China has not criticized Russia over its moves against Ukraine, and has joined in verbal attacks on Washington and its allies. Addressing the Munich Security Conference over the weekend, Chinese Foreign Minister Wang Yi lashed out against the U.S., accusing “a certain power” of “stirring-up antagonism.”

However, in response to a question from conference Chairman Wolfgang Ischinger, Wang said the “sovereignty, independence and territorial integrity of any country should be respected and safeguarded, because this is a basic norm of international relations.”

“Ukraine is no exception,” Wang added.

He also stated that major powers should act in defense of global peace and no country should “repeat the past mistake of forging rival alliances.”

That chimes with China’s longstanding opposition to military alliances and often invoked — but often breached in practice — policy of non-interference in other countries’ internal affairs.

The comments were also in keeping with Beijing’s quest to replace a global order underpinned by alliances it considers threatening to its own development. Those include NATO and newer groupings joining the U.S. with Japan, India, Australia and other states with which China has substantial foreign policy disputes.


Xi and Putin met ahead of the opening ceremony of the recently concluded Winter Olympics in Beijing, after which they issued a lengthy joint communique seen as announcing a new and closer relationship.

The two sides said they “strongly support each other” in confronting what Xi called “regional security threats” and “international strategic stability,” without directly naming the U.S.

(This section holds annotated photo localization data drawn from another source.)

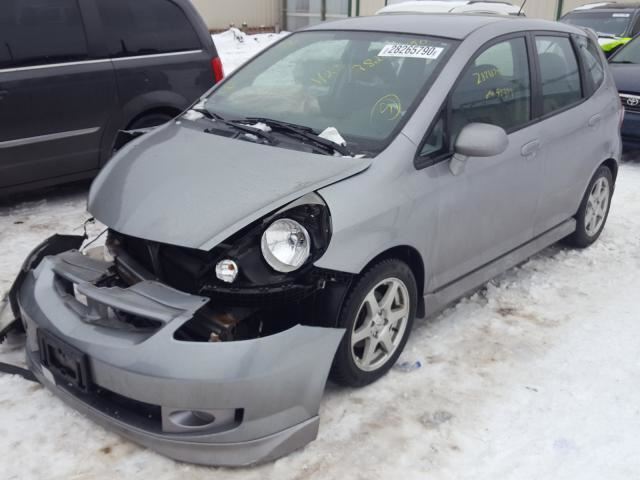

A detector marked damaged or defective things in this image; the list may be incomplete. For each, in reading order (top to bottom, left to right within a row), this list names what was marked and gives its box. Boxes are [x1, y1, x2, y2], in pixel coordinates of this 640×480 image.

front fascia damage [10, 222, 350, 464]
cracked bumper [16, 244, 344, 464]
exposed headlight [260, 218, 310, 272]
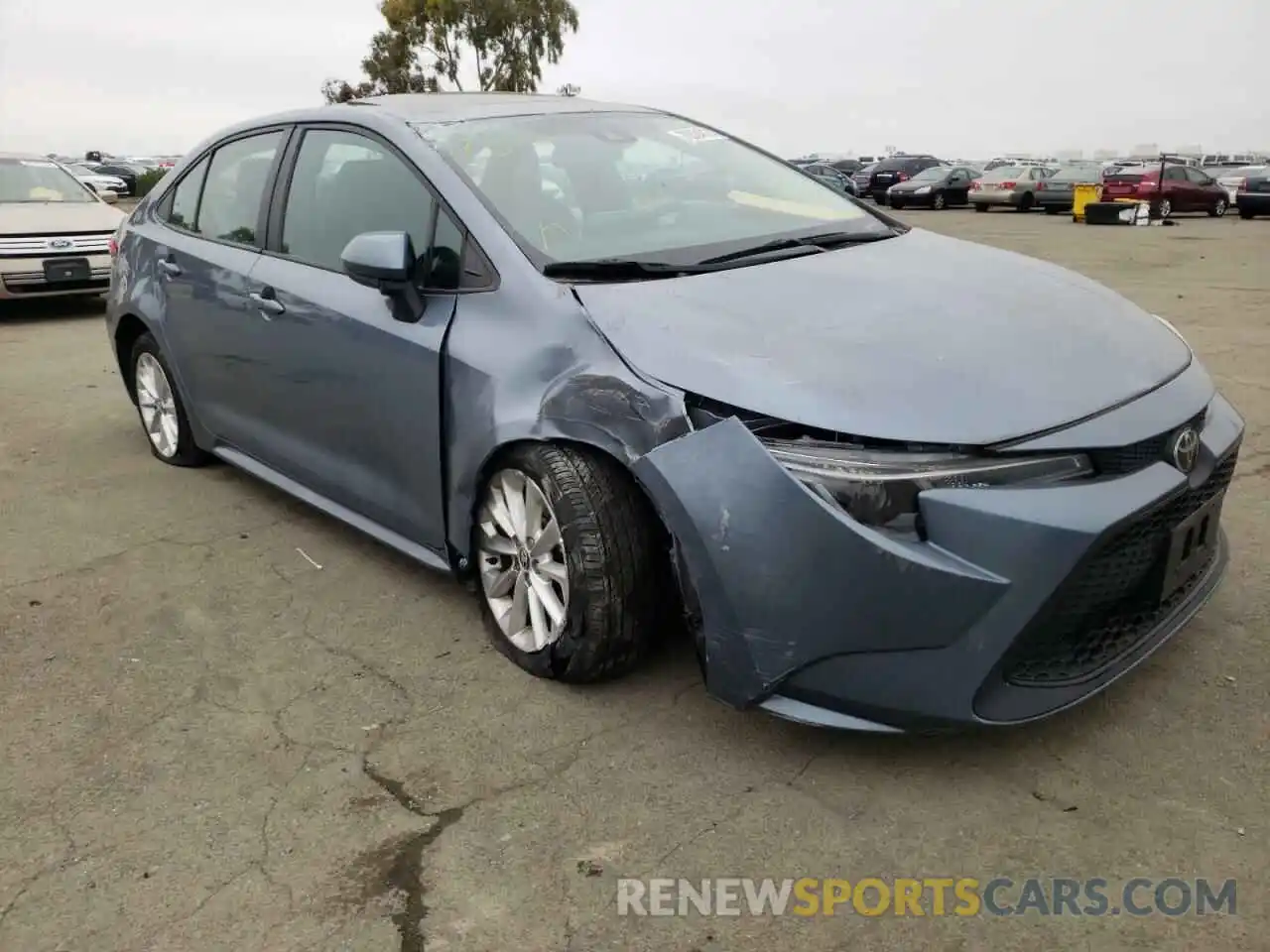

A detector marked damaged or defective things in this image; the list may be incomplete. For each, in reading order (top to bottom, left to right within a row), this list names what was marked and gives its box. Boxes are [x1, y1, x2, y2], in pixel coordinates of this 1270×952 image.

cracked concrete lot [2, 210, 1270, 952]
damaged car [106, 95, 1239, 731]
crumpled front fender [635, 420, 1010, 710]
dented hood [576, 229, 1189, 446]
damaged front bumper [629, 398, 1244, 736]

The meeting between the leaders marked their 38th contact in person and by phone, a number touted by Beijing as a sign of closeness between the countries that had been rivals for leadership in the Cold War’s socialist bloc.

The fall of the Soviet Union remains an obsession among Chinese Communist leaders, along with Putin, a former officer in the Soviet KGB who shares Xi’s authoritarian leanings and has aligned his foreign policies with those of Beijing while courting China’s market for Russian energy resources and military hardware.

In its own readout of the Xi-Putin meeting, however, China held back on making a full-throated endorsement of Russia’s strategy of attacking alleged Western threats to its security.


China’s Communist Party leadership is believed to be watching the U.S. response to Russia’s actions closely for signs of how Washington would behave if Beijing were to move against Taiwan.

China has been dispatching military aircraft and holding threatening war games in hopes of undermining support in Taiwan for the self-governing island’s de facto independence.

Washington provides Taiwan with fighter jets, warships and other arms and is legally required to consider threats to the island as matters of “grave concern.” That doesn’t obligate the U.S. to intervene militarily on Taiwan’s behalf, but the possibility has not been ruled out, with allies such as Australia and Japan potentially joining in a conflict.


China is not putting its weight behind Russia’s foreign policy gambits, but the frostiness in relations with Washington shows no sign of thawing, said Shi Yinhong, a professor of international relations and director of the Center on American Studies at Beijing’s Renmin University of China.

“I believe that the Chinese government will continue to take care of China itself in the first place rather than take care of Russia,” Shi said. In the meantime, relations with Washington will remain fraught, particularly over the issue of Taiwan.

Beijing blames heightened tensions with the U.S. on what it calls a false depiction of China as a strategic rival.

This week marks the 50th anniversary of Richard Nixon’s visit to China that led to the establishment of formal diplomatic ties in 1979 and a new era of trade and economic relations. No joint celebrations have been announced.